Some people piss me off the way they make writing look so easy. They do it so well, you can see they are born with a natural gift. Read this for example. Me, I am the proverbial monkey at the typewriter hammering away. A mere hacker on the golf course of literature. Submitted for your approval is a short piece I first posted in December of 2005. I began this story in the early 1990's while doing a stint on the graveyard shift. Here is the prologue:

Monday, December 05, 2005

Prologue

The silence of the pre-dawn morning was broken only by the occasional car or truck passing on the snow-slick two-lane highway. A car slowed to a crawl as if closing in upon its prey. The rear end slid a little as the sedan skidded to a stop. The darkness was broken by the white flash of backup lights as the vehicle slowly backed up four dozen yards and turned into a narrow driveway. The sounds of a straining engine could be heard through the barely falling snow as the car lumbered through the mud and slush. The headlights bounced up and down and side to side in duplication of the rutted road. Snowflakes danced in the twin beams like chorus girls in the spotlight. Round and round they spun, climbing and falling to the ground in the wake of the slowly moving automobile.

The car coasted to a stop in front of a run-down farmhouse. The roof was partially caved in and the awning over the porch had long since been consumed as firewood. The glow of a cigarette could be vaguely seen through the frosted windows of the idling car. The engine cut out as the door opened. A short figure in a bulky overcoat climbed out of the dark vehicle. The cigarette arced a path through the darkness as it was flipped into the distance. The man looked to the east as the first rays of dawn began to spread their pink and orange fingers through the clouds of the night sky. It had stopped snowing. The man's breath made clouds around his head in the early morning cold.

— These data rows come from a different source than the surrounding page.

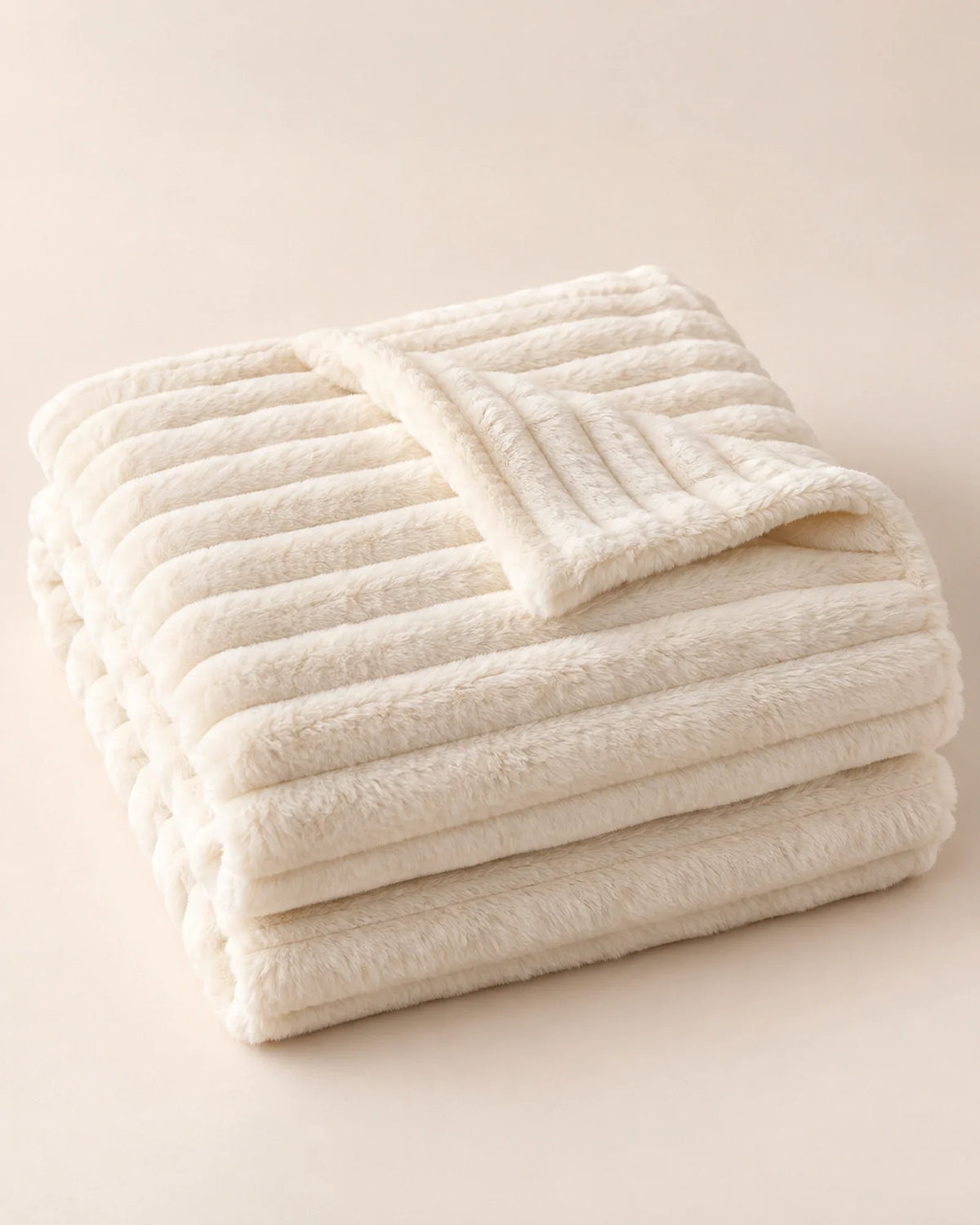 The Cherish Company — ArdoToasty™ Oversized Plush Fleece Blanket in White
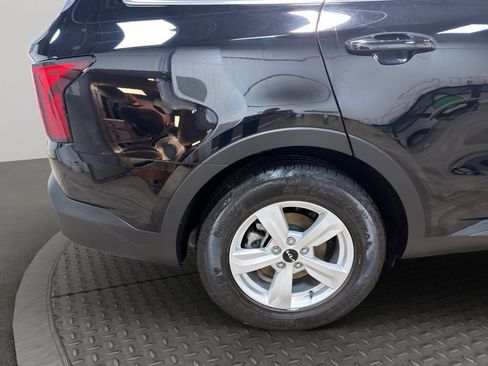 Used 2023 Kia Sorento LX image 24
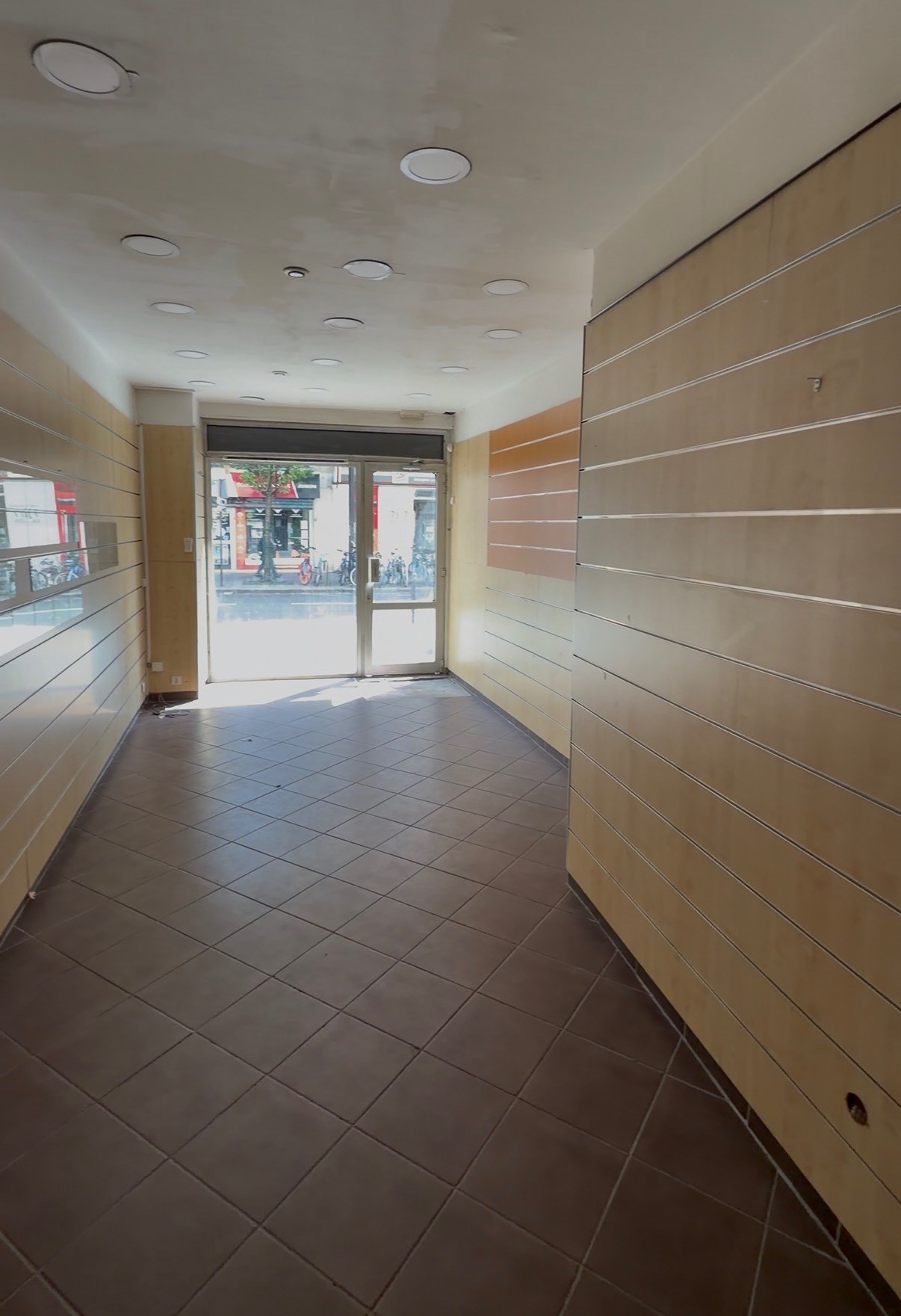 Location pure Local commercial 48 m² Paris - 2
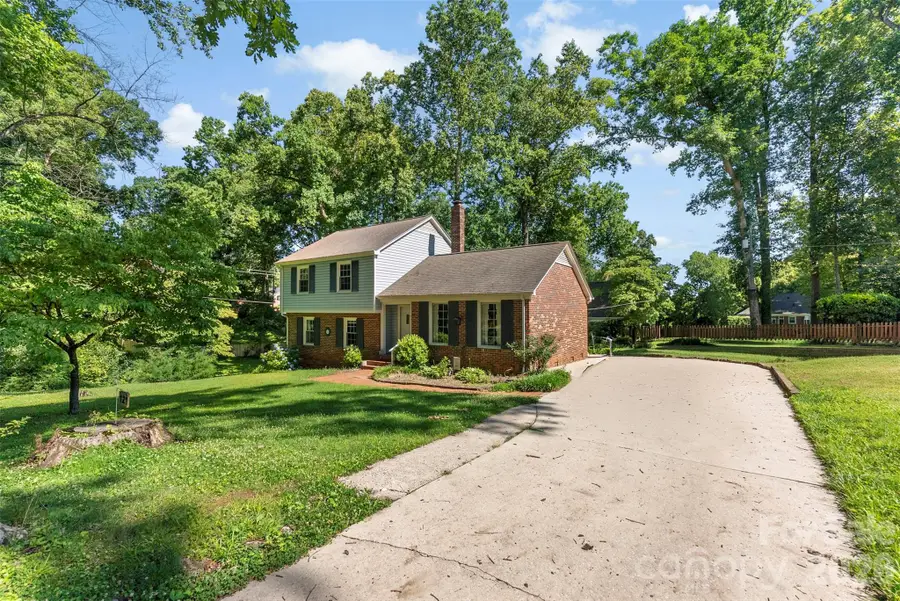 121 E Summersby Street, Fort Mill, SC 29715 - #3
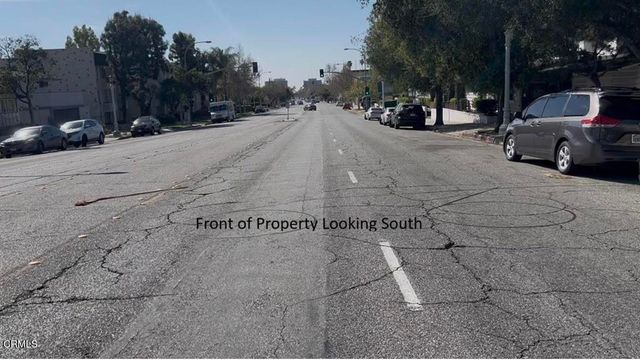 1104 N Lake Avenue, Pasadena, CA 91104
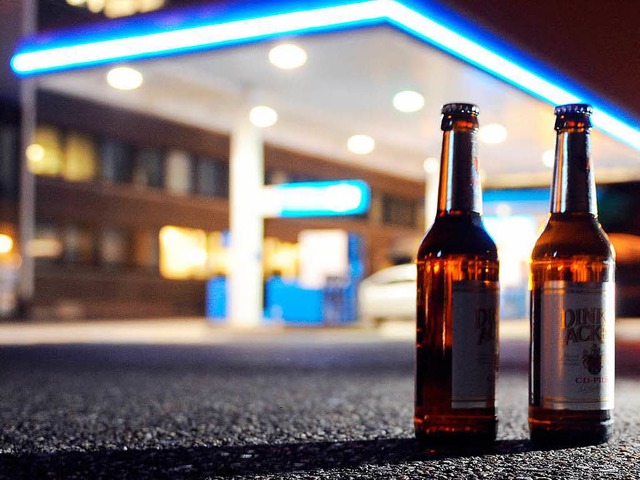 Wohl ab 2018 darf nach 22 Uhr wieder Bier verkauft werden.  | Foto: dpa
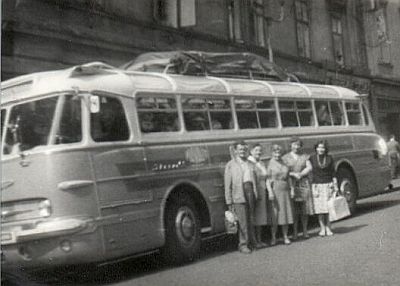 Autobusy ze starých pohlednic a rodinných fotografií.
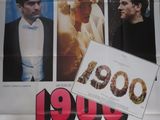 une vieille affiche de cinéma représentant deux hommes en smoking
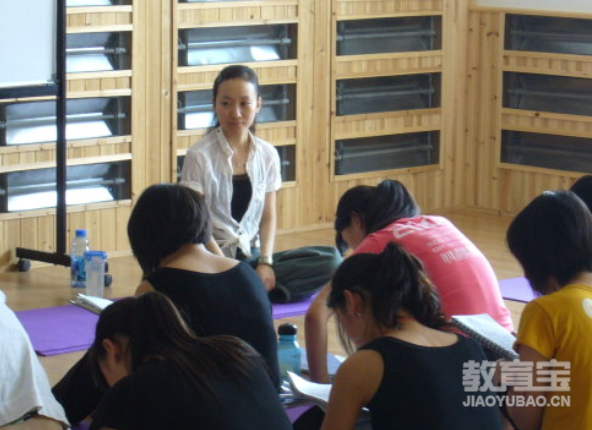 瘦手臂的瑜伽动作你知道吗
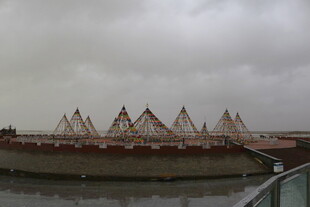 河畔独特尖顶建筑景观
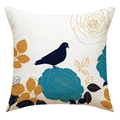 Détail de la texture en lin avec motif oiseau bleu et fleurs sur la housse de coussin - Pigeon Bleu Foncé et Rose Bleue (23YM91-1)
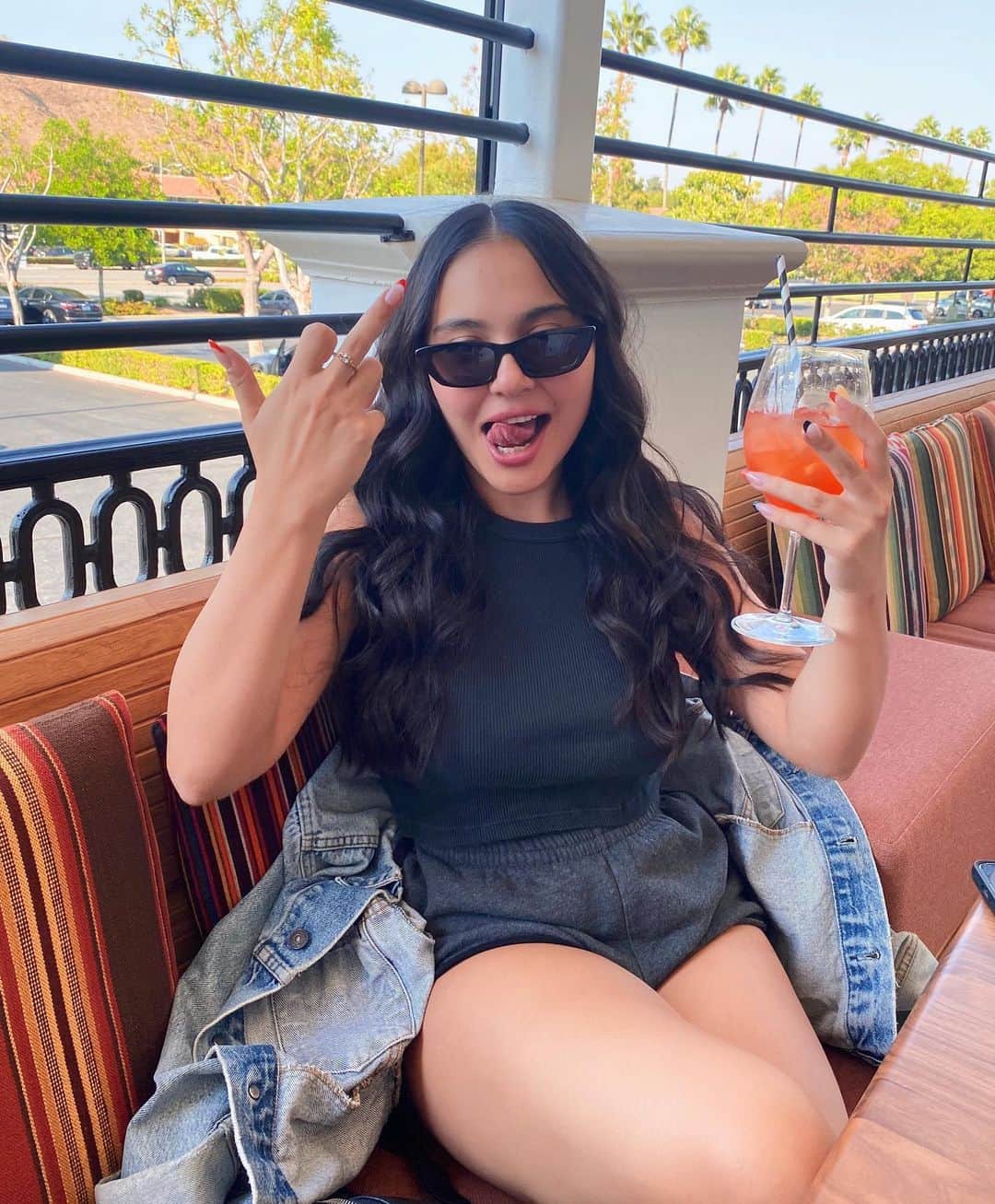 ステラ・ハジェンズのインスタグラム：「forgot how to act in public, hbu」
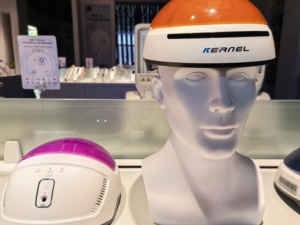 <span class=keywords><strong>Casque</strong></span> laser Kernel 8000B 204 LLLT pour stimuler les follicules pileux, améliorer la circulation du cuir chevelu chez les hommes et les femmes souffrant d'alopécie androgénétique - Product Image 5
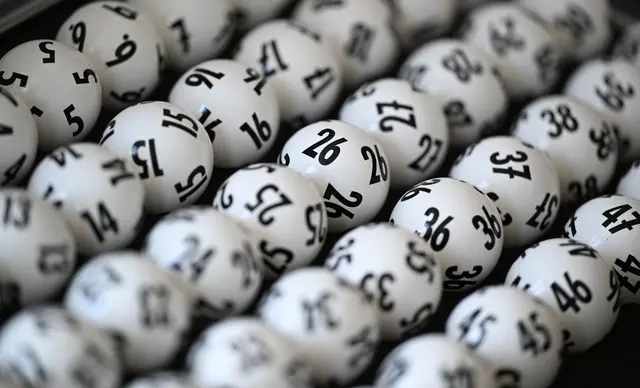 Die Staatliche Lotterie- und Spielbankverwaltung erzielte im ersten Halbjahr einen Umsatz von 641,8 Millionen Euro.  | Foto: Arne Dedert/dpa (Symbolbild)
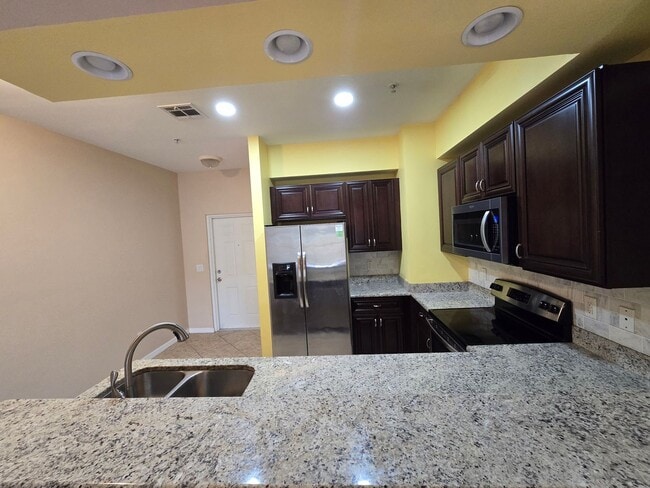 Photo - 1096 Winding Pines Circle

The man huddled next to the car until the sun began to peak over the horizon. He opened his trousers and relieved himself on the left rear tire before clearing his throat and spitting in the direction of the vanished cigarette. He slowly made his way toward the house.

The man mounted the sagging steps, hesitated and ducked through the doorless entryway. The sun’s weak rays provided just enough light for the figure to navigate the littered hallway. He made his way to what was the front living room. The television set and VCR were strangely incongruous in the surroundings.

He started the gas-powered generator. Its sound filled the early morning air. The man involuntarily winced at the noise. He lit another Camel and turned on the TV. Static changed to a blue screen as the VCR powered on. The tape was over after three minutes. He poured steaming coffee from a large green Thermos and went to the corner to relieve himself yet again. He sat down and watched the tape twice more.

His assignment was clear. The Vice President of the United States was to attend the “Greatest Spectacle in Sports” – the Indianapolis 500 in just four and one half months hence. In May the Indianapolis 500 gets top attention in the papers: not this year. This year the Vice President would be assassinated while attending the race. The man in the bulky overcoat watched the film yet again. The man would go to Indianapolis tomorrow and begin laying the plan to kill the heir apparent to the Presidency.

He picked up all of his cigarette butts and placed them in his pocket. From his briefcase, he took a wad of plastic-like gel. He first stuck the plastique to the side of the generator and then added a detonator. He was seven miles away on the interstate when the farmhouse disintegrated into a ball of flame.